U.S. Department of Transportation
Federal Highway Administration


Subject: INFORMATION: Federal-aid Eligibility for Long-Term Management Activities in Wetland and Natural Habitat Mitigation

Date: October 3, 2008

(Original signed by)

From: April L. Marchese
Director, Office of Natural and Human Environment

Reply to Attn. Of.: HEPN-30

To: Division Administrators
Federal Lands Highway Division Engineers
Directors of Field Services
Resource Center Managers

The purpose of this memorandum is to clarify FHWA guidance on funding long-term management activities for wetland and natural habitat mitigation where compensatory mitigation is provided through purchase of credits in a mitigation bank or in-lieu fee program. Specifically, it emphasizes that upfront costs included in mitigation bank or in-lieu fee program credit purchases associated with maintaining the ecological function and preservation of the mitigation area over the long-term are eligible costs for reimbursement under the Federal-aid Highway program.

Mitigation banks and in-lieu fee program sponsors include their long term management costs in the price of credits. Long term management of mitigation areas is a normal requirement (33 CFR Part 332.7(d)) imposed by the U.S. Army Corps of Engineers (USACE) for wetland mitigation areas. The long term management provisions often include legal protection of the mitigation area and conditions for maintaining the ecological integrity of the mitigation site.

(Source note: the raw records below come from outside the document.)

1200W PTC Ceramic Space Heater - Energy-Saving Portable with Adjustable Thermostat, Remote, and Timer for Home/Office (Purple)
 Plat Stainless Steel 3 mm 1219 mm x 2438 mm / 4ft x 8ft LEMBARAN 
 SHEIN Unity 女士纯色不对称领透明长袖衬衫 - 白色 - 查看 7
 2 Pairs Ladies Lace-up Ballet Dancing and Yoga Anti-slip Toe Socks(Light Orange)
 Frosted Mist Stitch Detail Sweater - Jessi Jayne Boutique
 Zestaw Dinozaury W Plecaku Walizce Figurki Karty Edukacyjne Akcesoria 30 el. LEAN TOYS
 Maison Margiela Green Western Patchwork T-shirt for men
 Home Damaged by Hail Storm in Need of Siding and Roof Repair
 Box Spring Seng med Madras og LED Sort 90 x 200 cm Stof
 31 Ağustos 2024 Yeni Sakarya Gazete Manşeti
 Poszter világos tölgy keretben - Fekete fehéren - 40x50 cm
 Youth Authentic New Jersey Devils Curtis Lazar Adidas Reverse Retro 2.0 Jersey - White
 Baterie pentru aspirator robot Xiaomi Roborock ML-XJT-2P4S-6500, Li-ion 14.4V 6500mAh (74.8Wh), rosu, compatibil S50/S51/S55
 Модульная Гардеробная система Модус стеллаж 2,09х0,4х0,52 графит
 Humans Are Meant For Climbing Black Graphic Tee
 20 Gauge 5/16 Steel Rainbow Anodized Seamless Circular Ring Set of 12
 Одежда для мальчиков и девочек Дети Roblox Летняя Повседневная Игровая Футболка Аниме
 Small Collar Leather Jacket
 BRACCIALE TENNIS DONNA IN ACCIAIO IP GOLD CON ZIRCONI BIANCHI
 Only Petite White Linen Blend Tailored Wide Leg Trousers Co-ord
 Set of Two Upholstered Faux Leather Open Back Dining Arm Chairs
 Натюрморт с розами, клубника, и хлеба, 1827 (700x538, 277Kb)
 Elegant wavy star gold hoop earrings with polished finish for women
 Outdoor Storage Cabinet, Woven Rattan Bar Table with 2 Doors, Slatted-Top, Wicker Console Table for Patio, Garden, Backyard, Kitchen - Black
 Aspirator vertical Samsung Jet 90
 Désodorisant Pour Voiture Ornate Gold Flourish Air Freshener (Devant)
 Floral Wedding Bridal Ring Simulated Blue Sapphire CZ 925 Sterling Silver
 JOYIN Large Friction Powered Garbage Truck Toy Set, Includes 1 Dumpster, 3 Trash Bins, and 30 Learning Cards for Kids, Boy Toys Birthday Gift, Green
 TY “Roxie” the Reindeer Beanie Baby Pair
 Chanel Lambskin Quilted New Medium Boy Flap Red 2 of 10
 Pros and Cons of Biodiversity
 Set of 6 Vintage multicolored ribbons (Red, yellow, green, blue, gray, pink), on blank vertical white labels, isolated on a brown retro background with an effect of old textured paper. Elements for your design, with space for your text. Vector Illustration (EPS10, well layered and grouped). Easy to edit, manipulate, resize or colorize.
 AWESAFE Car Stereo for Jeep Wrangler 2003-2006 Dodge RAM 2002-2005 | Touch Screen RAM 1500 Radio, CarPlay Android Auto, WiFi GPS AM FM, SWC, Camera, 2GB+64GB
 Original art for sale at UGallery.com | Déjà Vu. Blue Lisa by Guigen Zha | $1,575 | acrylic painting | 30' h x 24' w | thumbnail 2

Commercial mitigation banks and governmental or non-profit in-lieu fee programs are acceptable alternatives for providing necessary compensatory mitigation for impacts to wetlands and other aquatic resources under the Section 404 permit program. Bank and in-lieu fee sponsors sell mitigation credits to both private and public entities such as State DOTs. TEA-21 established a preference for the use of mitigation banks for compensatory mitigation for projects that use Federal-aid funds. The banking preference has been continued under SAFETEA-LU. Once the credit transaction is approved by the USACE, the purchase of the designated number of credits by the permit applicant meets the Section 404 requirements for mitigation.

When in-lieu fee programs and mitigation bank credits are purchased by a State DOT or any other permit applicant, the responsibility for meeting the ecological performance requirements of the Section 404 permit, and the long-term management of the mitigation site, are transferred to the bank or in-lieu fee sponsor. The permit applicant such as the State DOT is relieved of any further responsibility for performance once the credit transaction has been approved by the USACE and executed by the relevant parties. Furthermore, monitoring reports and compliance with permit conditions for the mitigation become the responsibility of the bank or in-lieu fee sponsor.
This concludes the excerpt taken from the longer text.